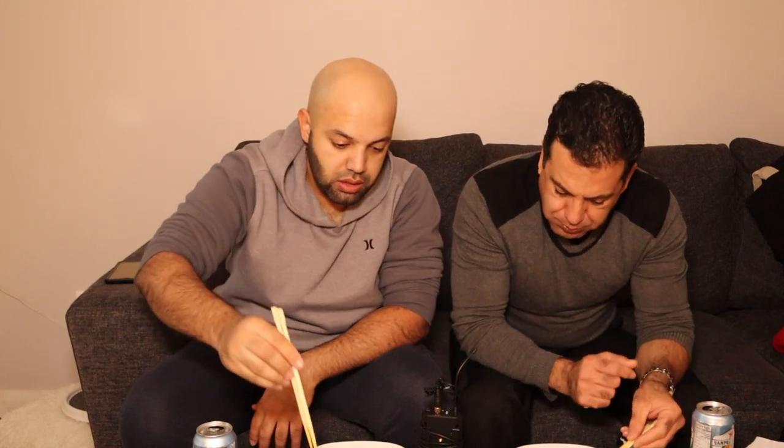Going forward in every video we're going to try to have a pharmacist here with us or on call, just in case we need any medication afterwards. Especially after I did the spicy noodle challenge — that was bad. I actually felt sick for almost 48 hours afterwards. If you guys want us to do the spicy noodle challenge together to see if we can finish it, hit the like button and let us know.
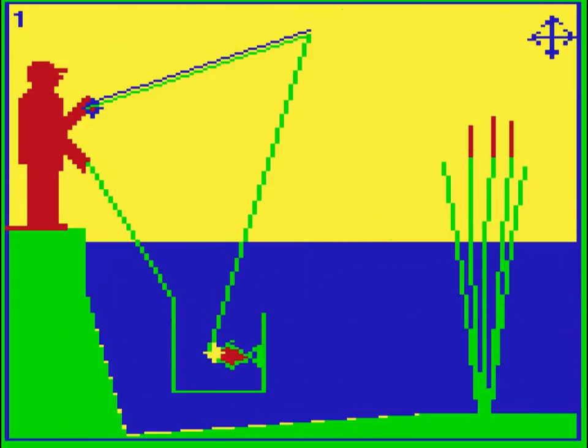Hooked is perhaps the least appropriate title for this game. It's a very low resolution, very slow, very boring, very unengaging waste of a few minutes. And it won't be hooking anyone.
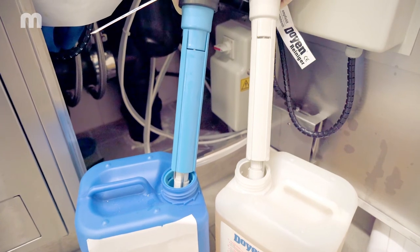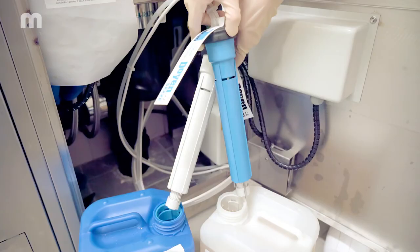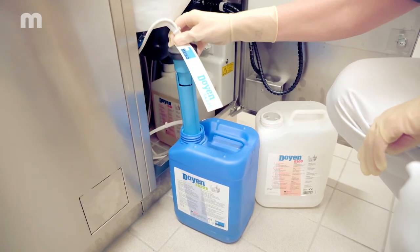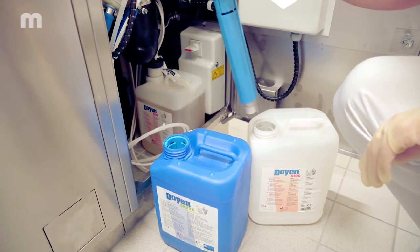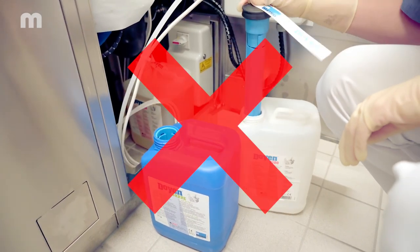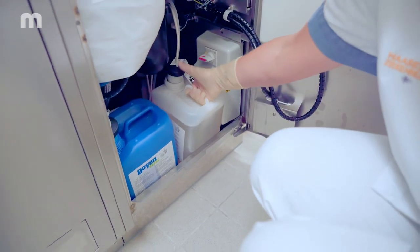Make sure the suction lance is standing upright in the canister. If you are using detergents and/or rinse aids from Myco, the Myco ChemCode system ensures that you never accidentally confuse the detergent with the rinse aid.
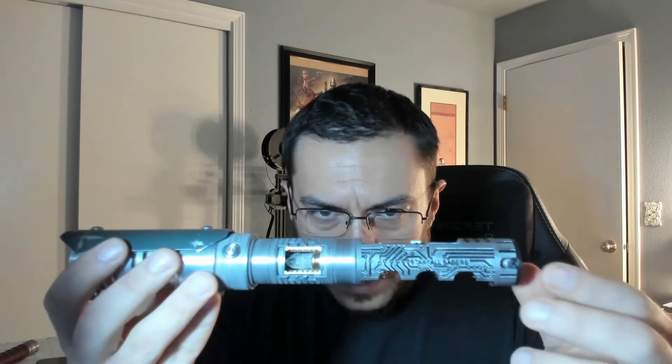Now this handle will go on in any orientation, but I'm taking the shroud from the handle and lining it up with the shroud on top of your emitter — that's how I line it up every time. So when you take that off, here's your chassis and your crystal chamber.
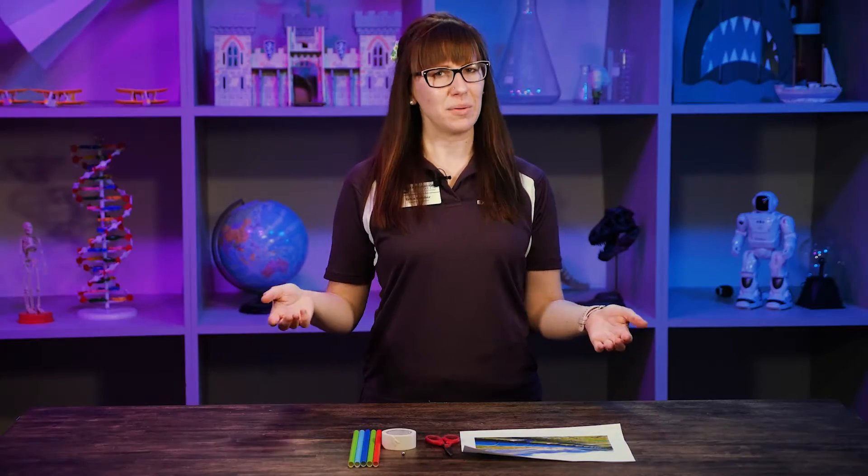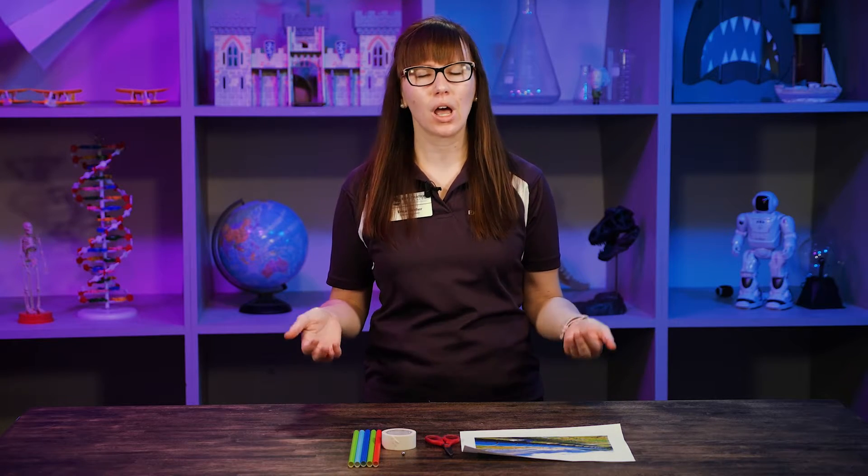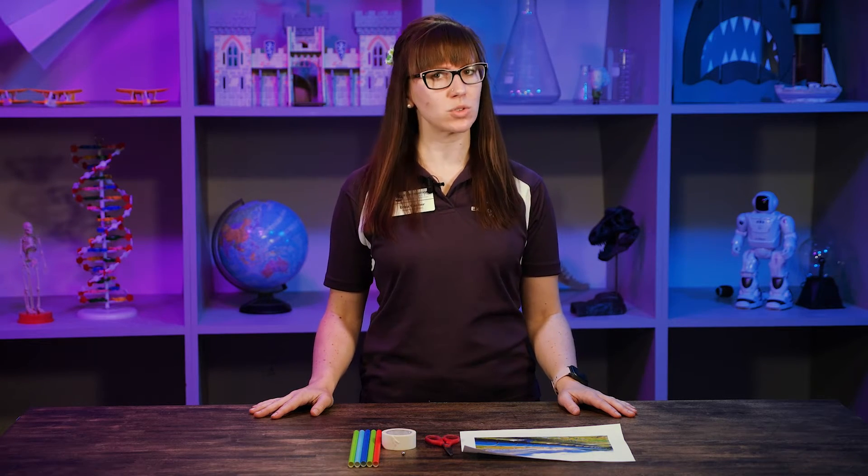Hi Explorers! Educator Erica here at Exploration Place. Now I'm curious — have you ever wondered how does water get to my house or my school?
◇ ◇ ◇ ◇ ◇
### Work task
Every entry above is to be repeated word for word, with all pictures omitted.

### Result
Going forward in every video we're going to try to have a pharmacist here with us or on call, just in case we need any medication afterwards. Especially after I did the spicy noodle challenge — that was bad. I actually felt sick for almost 48 hours afterwards. If you guys want us to do the spicy noodle challenge together to see if we can finish it, hit the like button and let us know.
Hooked is perhaps the least appropriate title for this game. It's a very low resolution, very slow, very boring, very unengaging waste of a few minutes. And it won't be hooking anyone.
Make sure the suction lance is standing upright in the canister. If you are using detergents and/or rinse aids from Myco, the Myco ChemCode system ensures that you never accidentally confuse the detergent with the rinse aid.
Now this handle will go on in any orientation, but I'm taking the shroud from the handle and lining it up with the shroud on top of your emitter — that's how I line it up every time. So when you take that off, here's your chassis and your crystal chamber.
Hi Explorers! Educator Erica here at Exploration Place. Now I'm curious — have you ever wondered how does water get to my house or my school?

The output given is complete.